#### [Directions for this task]
Output exactly, and only, the lines below from the one with "Augshy Cake Pop" down to the one with "Plakat: Silbermond zum". Include both end lines and no pictures.

#### [Given records]
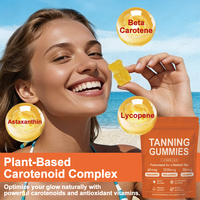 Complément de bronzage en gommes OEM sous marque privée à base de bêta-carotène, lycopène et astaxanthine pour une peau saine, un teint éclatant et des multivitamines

---

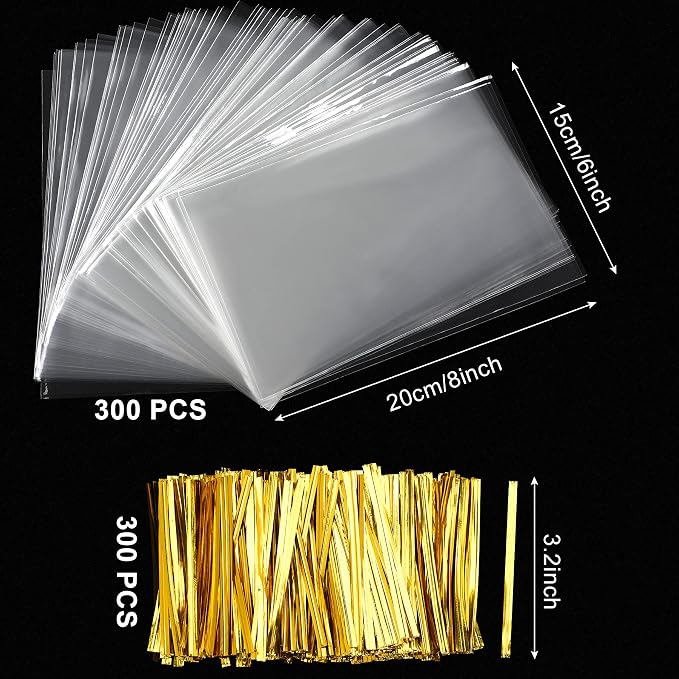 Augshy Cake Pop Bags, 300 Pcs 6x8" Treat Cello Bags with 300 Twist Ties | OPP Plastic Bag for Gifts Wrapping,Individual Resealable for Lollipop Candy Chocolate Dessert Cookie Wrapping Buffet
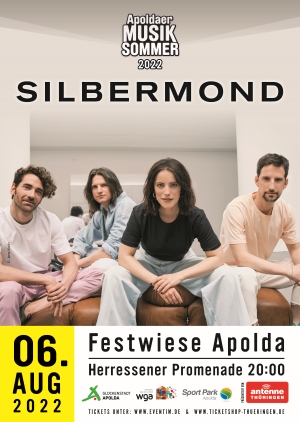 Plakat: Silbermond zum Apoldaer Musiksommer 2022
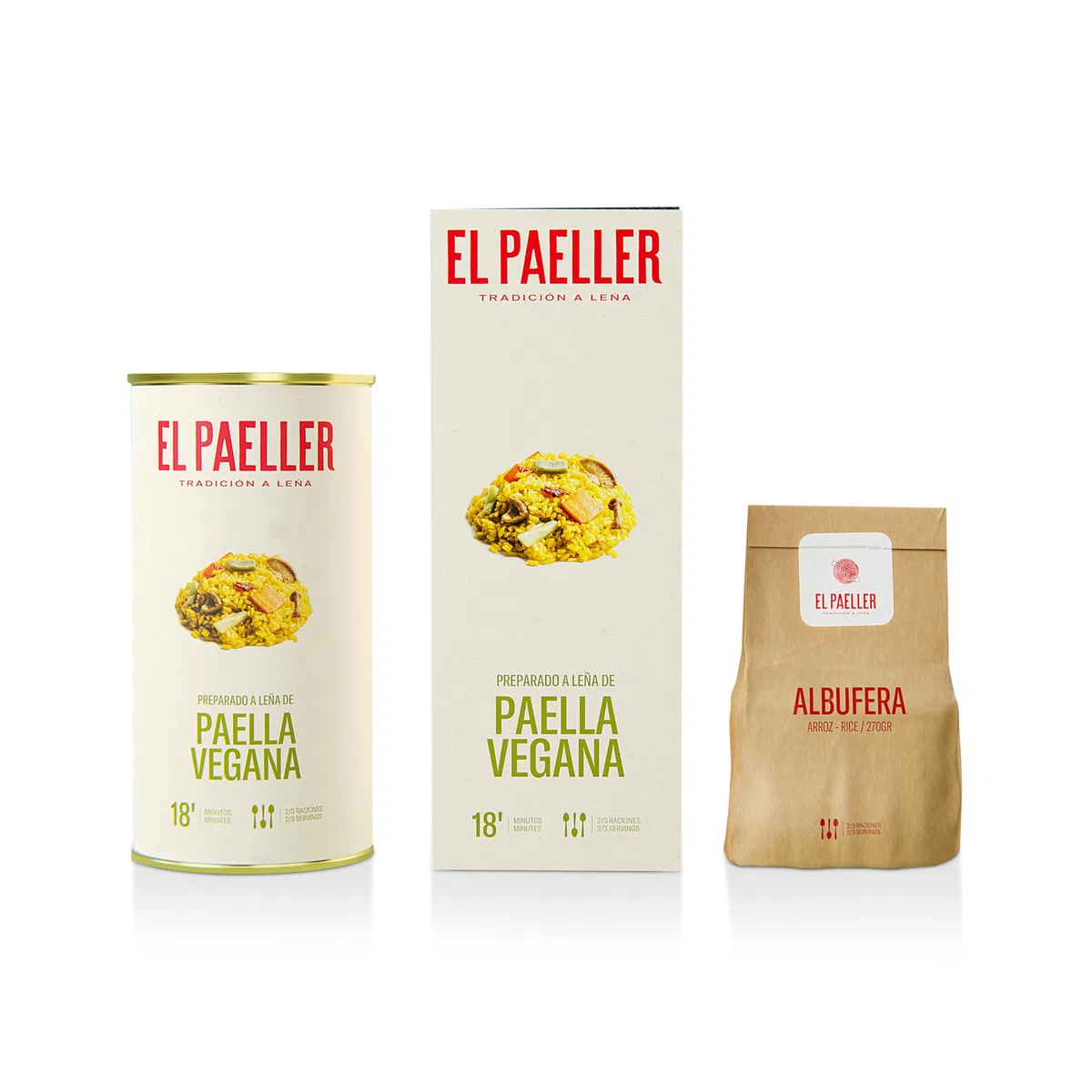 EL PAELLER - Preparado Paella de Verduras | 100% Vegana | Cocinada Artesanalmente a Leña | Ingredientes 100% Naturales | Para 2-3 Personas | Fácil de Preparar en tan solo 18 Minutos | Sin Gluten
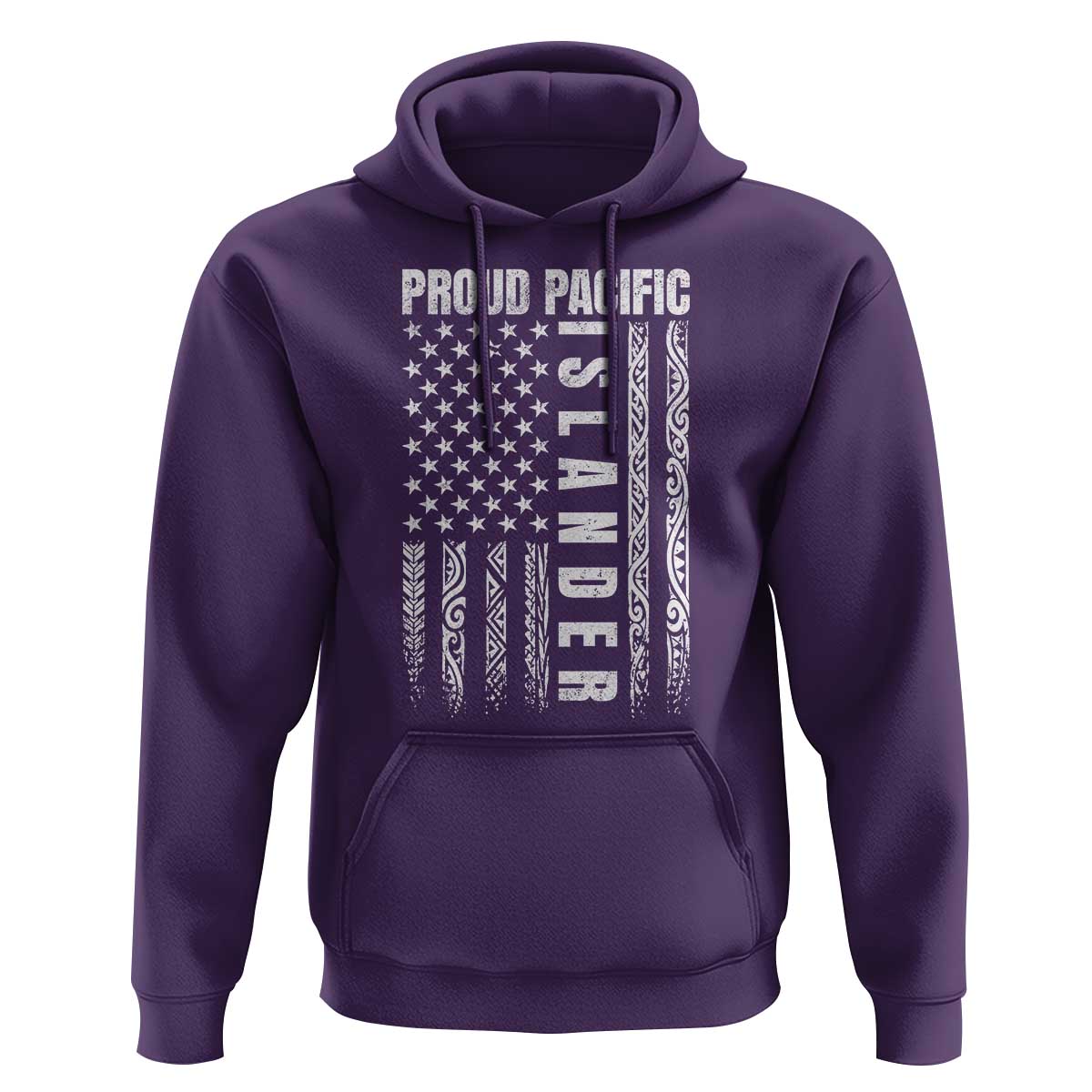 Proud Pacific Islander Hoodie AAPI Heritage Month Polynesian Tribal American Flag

...

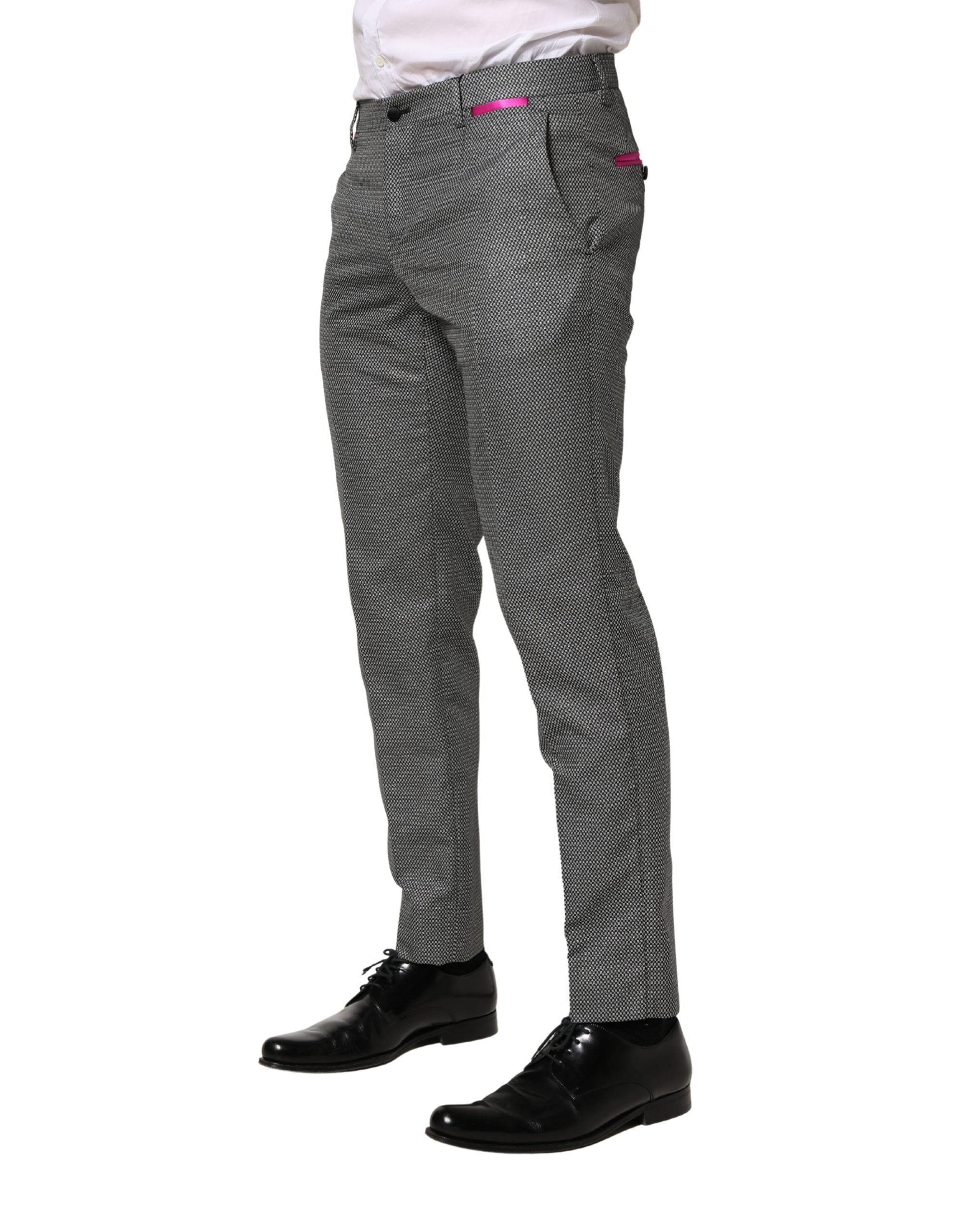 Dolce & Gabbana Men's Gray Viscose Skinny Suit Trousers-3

#### [Task answer]
 Augshy Cake Pop Bags, 300 Pcs 6x8" Treat Cello Bags with 300 Twist Ties | OPP Plastic Bag for Gifts Wrapping,Individual Resealable for Lollipop Candy Chocolate Dessert Cookie Wrapping Buffet
 Plakat: Silbermond zum Apoldaer Musiksommer 2022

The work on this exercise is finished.